FastAI was released with a very funny tag line “Making neural nets uncool again”. It offers a high-level API to PyTorch. FastAI and the accompanying course taught by Jeremy Howard and Rachel Thomas have a practical approach to deep learning. It encourages students to train DL models from the first minute. But don’t get me wrong FastAI has implemented some of the most brilliant techniques for training the Neural Network effectively and has inspired the development of frameworks such as Pytorch, Tensorflow, Pytorch Lightning, etc. FastAI is a great tool to get you up and running with model training in a (VERY) short time. It has everything you need to get top-notch results with minimal effort in a practical manner.
Source: Link
What is Nvidia Triton?
Triton Inference Server provides a cloud and edge inferencing solution optimized for both CPUs and GPUs. Triton supports an HTTP/REST and GRPC protocol that allows remote clients to request inferencing for any model being managed by the server. For edge deployments, Triton is available as a shared library with a C API that allows the full functionality of Triton to be included directly in an application.
I would like to recommend this awesome blog Deploying Deep Learning Models with Model Server by Animikh Aich, if you want to build a great intuitive understanding of Triton Server.
Triton supports the following models for the deployment:
Source: Link
We will be learning about the deployment of the ONNX model in this blog.
What is ONNX?
Open Neural Network Exchange or ONNX is a unified format for deep learning and traditional machine learning models. The idea behind ONNX is to create a common interface for all ML frameworks and increase the interoperability between frameworks and devices.
Source: Link
Why use ONNX and ONNX Runtime?
ONNX, and its implementation - ONNX Runtime, make it easier to put your models into production. You can train your models using the framework of your choice and deploy them to a target that uses ONNX Runtime. This way bloated environments with a large number of dependencies can be minimized to (pretty much) only the ONNX Runtime.

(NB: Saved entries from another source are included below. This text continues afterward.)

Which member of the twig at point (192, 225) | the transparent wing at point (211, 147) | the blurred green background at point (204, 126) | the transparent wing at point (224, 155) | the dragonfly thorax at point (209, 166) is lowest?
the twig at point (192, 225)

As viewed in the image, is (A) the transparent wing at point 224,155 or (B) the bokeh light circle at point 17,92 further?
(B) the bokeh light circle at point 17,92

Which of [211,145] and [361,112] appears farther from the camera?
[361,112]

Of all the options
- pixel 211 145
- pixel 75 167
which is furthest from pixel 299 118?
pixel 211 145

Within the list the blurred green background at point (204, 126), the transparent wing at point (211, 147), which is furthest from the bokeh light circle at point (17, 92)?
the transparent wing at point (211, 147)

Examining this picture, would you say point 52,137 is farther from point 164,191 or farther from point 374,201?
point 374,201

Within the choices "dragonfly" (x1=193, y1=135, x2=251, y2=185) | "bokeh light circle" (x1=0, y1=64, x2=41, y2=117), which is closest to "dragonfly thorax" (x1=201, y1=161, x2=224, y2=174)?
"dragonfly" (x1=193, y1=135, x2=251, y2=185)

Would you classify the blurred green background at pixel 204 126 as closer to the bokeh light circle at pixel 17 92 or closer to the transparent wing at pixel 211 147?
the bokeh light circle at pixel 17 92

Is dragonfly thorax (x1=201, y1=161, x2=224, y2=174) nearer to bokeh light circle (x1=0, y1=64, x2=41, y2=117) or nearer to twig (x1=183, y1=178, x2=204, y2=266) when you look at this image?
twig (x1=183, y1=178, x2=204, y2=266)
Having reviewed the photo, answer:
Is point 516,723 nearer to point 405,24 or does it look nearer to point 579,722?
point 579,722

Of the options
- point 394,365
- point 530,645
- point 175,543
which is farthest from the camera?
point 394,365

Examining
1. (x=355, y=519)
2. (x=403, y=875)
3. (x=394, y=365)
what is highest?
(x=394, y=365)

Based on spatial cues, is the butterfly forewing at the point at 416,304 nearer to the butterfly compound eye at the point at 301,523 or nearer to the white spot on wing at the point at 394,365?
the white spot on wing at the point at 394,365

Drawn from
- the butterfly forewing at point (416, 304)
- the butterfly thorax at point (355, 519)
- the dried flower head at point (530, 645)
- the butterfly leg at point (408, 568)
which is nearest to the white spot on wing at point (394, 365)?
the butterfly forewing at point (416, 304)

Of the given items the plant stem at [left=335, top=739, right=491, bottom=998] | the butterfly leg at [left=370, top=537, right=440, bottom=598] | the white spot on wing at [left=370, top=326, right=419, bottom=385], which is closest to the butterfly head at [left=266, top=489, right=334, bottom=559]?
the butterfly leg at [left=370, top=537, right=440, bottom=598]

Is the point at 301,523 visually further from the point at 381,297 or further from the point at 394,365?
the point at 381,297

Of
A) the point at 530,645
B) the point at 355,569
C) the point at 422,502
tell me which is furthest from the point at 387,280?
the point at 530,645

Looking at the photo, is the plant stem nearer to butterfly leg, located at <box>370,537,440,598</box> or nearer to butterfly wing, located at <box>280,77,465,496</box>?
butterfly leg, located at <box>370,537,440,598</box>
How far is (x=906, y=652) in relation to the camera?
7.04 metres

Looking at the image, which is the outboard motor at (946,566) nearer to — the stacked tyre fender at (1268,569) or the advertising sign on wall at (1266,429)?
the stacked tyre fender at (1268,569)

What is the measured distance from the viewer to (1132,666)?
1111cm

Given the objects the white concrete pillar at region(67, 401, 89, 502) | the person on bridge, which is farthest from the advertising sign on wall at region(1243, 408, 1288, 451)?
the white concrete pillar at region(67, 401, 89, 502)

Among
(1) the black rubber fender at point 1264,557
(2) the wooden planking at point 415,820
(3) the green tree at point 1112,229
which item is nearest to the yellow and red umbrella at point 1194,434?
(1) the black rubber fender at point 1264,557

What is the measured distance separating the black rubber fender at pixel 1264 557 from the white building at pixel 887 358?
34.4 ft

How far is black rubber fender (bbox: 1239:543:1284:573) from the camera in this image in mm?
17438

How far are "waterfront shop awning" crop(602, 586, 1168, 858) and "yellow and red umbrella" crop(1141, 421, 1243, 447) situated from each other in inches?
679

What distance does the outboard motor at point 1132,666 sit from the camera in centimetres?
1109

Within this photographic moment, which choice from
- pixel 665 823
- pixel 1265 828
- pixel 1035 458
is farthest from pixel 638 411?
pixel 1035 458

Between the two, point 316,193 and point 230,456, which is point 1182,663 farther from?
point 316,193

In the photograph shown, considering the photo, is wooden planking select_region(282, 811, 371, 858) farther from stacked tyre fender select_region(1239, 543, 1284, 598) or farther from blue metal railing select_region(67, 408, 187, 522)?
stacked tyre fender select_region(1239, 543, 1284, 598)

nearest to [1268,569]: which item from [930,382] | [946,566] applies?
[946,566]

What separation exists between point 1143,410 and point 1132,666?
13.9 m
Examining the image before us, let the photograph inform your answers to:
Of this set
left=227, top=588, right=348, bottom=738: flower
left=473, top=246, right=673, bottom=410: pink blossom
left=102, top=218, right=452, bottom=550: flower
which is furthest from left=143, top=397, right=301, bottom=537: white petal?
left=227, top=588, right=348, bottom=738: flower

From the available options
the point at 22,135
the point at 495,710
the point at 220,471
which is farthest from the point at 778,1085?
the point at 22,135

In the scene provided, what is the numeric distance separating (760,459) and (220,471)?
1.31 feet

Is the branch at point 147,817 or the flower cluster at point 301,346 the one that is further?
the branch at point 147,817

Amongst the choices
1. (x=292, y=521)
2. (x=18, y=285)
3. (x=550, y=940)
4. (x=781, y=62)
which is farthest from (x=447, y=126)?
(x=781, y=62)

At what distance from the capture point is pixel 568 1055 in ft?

opt/miniconda3/envs du -sh test-env-* | sort -h
# Returns
# 145M test-env-onnxruntime
# 646M test-env-pytorch
# 1.1G test-env-fastai
Source: Link
Couple of reasons for using ONNX:
- Faster inference
- Lower number of dependencies
- Smaller environment size(Important for serverless deployments)
- One, universal target framework for deployment
Converting a FastAI model into an ONNX model
FastAI currently doesn’t natively support ONNX exports from FastAI learners. But by design FastAI is a high-level API of PyTorch. This allows us to extract the wrapped PyTorch model.PyTorch models can be natively exported to ONNX. So this is gonna be a 2 step process:
Source:
Let’s Begin by training a simple model in FastAI
We will be training a simple Cat vs Dog classifier using FastAI
Source: Link
from fastai.vision.all import *
import warnings
warnings.filterwarnings('ignore')
%matplotlib inline
path = untar_data(URLs.PETS)/'images'
def is_cat(x): return x[0].isupper()
dls = ImageDataLoaders.from_name_func(
path, get_image_files(path), valid_pct=0.2, seed=42,
label_func=is_cat, item_tfms=Resize(224))
dls.show_batch()
learn = cnn_learner(dls, resnet18, metrics=error_rate)
learn.fine_tune(3)
Voilà!! We trained a Cat vs Dog classifier with a remarkable accuracy using FastAI in just 12 lines of code. This is the beauty of FastAI.
# export FastAI learner
learn.export('model.pkl')
# load FastAI learner
learn = load_learner('model.pkl')
img = PILImage.create('test_images/Abyssinian_1.jpg')
img.to_thumb(192)
Inference with FastAI learner
print(learn.predict('test_images/Abyssinian_1.jpg'))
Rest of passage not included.